Sale a la calle con la
bolsa de papel después de haber pagado sin la menor intención de echar un
vistazo a las salas donde poder deambular frente a unos cuadros de los que
nadie te prohibió jamás que no fueras sacrílego y desdeñoso si así te placiera.
(Pero también respetuoso.)
Cuando sea un espíritu
incorpóreo, de silenciosas trastadas, mis paseos por las salas de los museos
serán interminables, como la vida interminable de los seres que los habitan,
seres dobles y que dan mucho juego a la divagación: los que los pintaron cuando
fueron reales (y no incorpóreos como, al igual que yo, son ahora) y los que se
hallan encerrados en los cuadros, pobres diablos que nunca traspasarán el muro
de la incorporeidad, condenados a una visibilidad perenne de la que nunca
podrán escabullirse.
“Tengo que volver a
Brooklyn”, se decía. “Tengo que hacerlo antes de que sea demasiado tarde.” Allí
había dejado a su primer novio, un dibujante de comics que vivía en la calle 5
con la Quinta Avenida, en Park Slope, un chico judío de origen alemán, como
ella, que contaba historias tristes mediante una narración gráfica que apenas
intercalaba tres o cuatro bocadillos por página: relataba con las imágenes
porque estaba convencido que todas las palabras son innecesarias si organizas
lo visual de forma que el lector (en esta ocasión, casi espectador) se vea obligado él mismo a agregar los diálogos a
las viñetas.

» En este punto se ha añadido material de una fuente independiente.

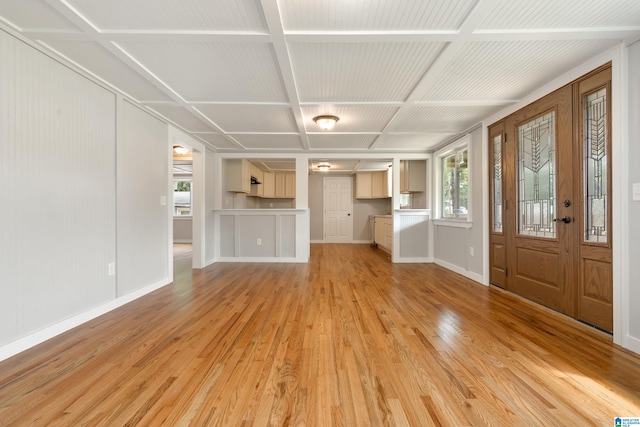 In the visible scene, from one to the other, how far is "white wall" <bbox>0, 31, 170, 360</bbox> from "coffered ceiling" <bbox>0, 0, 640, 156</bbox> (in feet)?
1.05

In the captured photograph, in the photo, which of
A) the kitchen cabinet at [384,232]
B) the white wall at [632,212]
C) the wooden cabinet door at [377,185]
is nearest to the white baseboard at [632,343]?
the white wall at [632,212]

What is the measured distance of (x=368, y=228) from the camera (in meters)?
8.79

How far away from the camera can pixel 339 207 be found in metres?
8.84

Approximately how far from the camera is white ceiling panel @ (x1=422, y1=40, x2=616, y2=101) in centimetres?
212

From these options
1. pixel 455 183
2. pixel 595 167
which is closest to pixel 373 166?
pixel 455 183

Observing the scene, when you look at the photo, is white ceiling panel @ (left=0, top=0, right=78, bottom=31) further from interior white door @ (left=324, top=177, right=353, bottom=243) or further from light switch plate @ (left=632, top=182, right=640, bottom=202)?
interior white door @ (left=324, top=177, right=353, bottom=243)

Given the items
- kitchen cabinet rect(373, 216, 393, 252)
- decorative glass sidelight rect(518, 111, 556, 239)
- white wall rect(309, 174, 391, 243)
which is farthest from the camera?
white wall rect(309, 174, 391, 243)

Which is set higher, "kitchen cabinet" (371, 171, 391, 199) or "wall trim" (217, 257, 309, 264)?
"kitchen cabinet" (371, 171, 391, 199)

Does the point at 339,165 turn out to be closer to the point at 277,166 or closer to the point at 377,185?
the point at 377,185

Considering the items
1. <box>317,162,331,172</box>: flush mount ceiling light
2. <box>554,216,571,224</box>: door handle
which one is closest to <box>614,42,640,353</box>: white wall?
<box>554,216,571,224</box>: door handle

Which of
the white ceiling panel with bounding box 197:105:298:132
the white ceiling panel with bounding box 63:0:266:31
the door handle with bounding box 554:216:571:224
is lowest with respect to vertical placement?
the door handle with bounding box 554:216:571:224

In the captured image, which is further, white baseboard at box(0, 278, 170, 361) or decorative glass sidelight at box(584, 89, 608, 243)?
decorative glass sidelight at box(584, 89, 608, 243)

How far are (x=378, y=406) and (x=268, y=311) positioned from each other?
1591 mm

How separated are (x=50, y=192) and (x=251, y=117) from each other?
7.23 feet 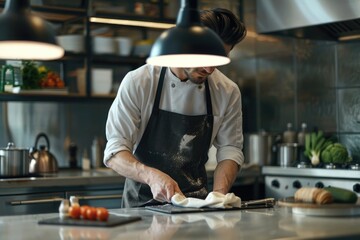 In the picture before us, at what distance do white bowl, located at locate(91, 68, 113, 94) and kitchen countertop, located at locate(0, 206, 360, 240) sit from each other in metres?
2.53

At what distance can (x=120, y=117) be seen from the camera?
9.50 ft

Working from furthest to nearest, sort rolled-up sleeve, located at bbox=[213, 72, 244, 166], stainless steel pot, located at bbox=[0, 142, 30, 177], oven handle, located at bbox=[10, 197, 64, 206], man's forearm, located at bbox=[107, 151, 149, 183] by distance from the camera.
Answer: stainless steel pot, located at bbox=[0, 142, 30, 177]
oven handle, located at bbox=[10, 197, 64, 206]
rolled-up sleeve, located at bbox=[213, 72, 244, 166]
man's forearm, located at bbox=[107, 151, 149, 183]

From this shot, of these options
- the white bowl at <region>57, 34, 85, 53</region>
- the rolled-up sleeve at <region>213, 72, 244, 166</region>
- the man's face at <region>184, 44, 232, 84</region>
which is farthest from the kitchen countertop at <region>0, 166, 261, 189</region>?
the man's face at <region>184, 44, 232, 84</region>

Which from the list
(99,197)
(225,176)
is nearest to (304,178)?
(99,197)

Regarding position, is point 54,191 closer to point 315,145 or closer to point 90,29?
point 90,29

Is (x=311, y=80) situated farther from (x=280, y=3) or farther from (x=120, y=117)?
(x=120, y=117)

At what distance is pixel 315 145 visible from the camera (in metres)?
4.77

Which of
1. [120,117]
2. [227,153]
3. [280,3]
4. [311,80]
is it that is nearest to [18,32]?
[120,117]

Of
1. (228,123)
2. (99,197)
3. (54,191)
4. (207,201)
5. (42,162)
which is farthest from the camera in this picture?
(42,162)

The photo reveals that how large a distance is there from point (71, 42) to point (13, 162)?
106 cm

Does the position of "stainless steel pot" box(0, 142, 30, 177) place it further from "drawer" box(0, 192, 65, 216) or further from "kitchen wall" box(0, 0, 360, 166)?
"kitchen wall" box(0, 0, 360, 166)

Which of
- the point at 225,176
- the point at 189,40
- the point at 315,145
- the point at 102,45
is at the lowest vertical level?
the point at 225,176

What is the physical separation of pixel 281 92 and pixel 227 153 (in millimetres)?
2395

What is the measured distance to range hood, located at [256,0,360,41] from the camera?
437cm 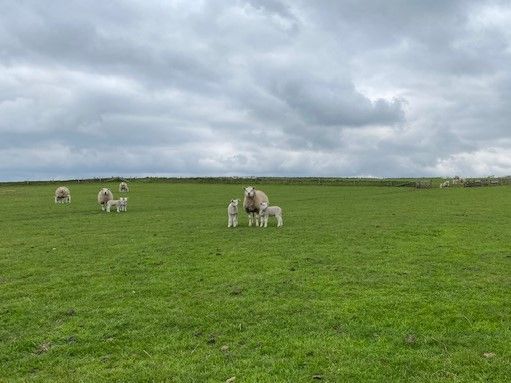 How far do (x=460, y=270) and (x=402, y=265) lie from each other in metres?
1.82

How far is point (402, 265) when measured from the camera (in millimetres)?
16297

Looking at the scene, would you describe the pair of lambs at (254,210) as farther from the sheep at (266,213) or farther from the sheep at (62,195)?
the sheep at (62,195)

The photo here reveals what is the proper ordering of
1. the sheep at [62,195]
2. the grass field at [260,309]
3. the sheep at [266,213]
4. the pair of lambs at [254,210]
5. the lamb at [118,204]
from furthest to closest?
the sheep at [62,195] < the lamb at [118,204] < the pair of lambs at [254,210] < the sheep at [266,213] < the grass field at [260,309]

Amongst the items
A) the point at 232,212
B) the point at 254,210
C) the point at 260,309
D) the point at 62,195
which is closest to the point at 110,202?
the point at 62,195

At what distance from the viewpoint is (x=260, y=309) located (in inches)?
459

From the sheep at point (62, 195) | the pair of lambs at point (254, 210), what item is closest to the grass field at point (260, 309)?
the pair of lambs at point (254, 210)

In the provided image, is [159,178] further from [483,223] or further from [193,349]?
[193,349]

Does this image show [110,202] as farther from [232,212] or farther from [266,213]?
[266,213]

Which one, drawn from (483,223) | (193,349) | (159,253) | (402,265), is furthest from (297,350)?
(483,223)

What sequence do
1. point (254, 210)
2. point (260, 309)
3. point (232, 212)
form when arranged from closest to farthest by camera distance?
point (260, 309), point (232, 212), point (254, 210)

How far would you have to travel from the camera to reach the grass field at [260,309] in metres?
8.61

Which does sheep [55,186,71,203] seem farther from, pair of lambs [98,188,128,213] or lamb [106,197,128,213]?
lamb [106,197,128,213]

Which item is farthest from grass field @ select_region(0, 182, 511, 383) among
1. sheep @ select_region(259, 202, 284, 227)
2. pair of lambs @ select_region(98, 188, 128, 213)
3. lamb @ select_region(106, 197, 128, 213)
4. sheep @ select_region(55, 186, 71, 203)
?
sheep @ select_region(55, 186, 71, 203)

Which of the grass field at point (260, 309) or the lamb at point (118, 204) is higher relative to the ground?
the lamb at point (118, 204)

Sus historias siempre eran de finales desdichados, repletas de
personajes mudos y confusos que brujuleaban de una página a otra sin saber
exactamente adónde ir y siempre víctimas de unas peripecias de las que nunca
salían con bien pero tampoco con daños irremediables. En suma, unas historias
de lo cotidiano en las que no pasaba nada que no fuera lo habitual en un ser
humano corriente: los dibujados vivían, trabajaban y morían en una megaciudad
donde la crueldad se revestía con la apariencia de lo normal. Bien. Aunque
quizás abusara un poco del escenario plural de una atmósfera gris y oscura
encajada entre rascacielos.
“¿Qué habrá sido de él?, se preguntó
divertida. Hablaba con ese acento brooklynese
que convertía el idioma inglés en lo más parecido al Esperanto del siglo XXI.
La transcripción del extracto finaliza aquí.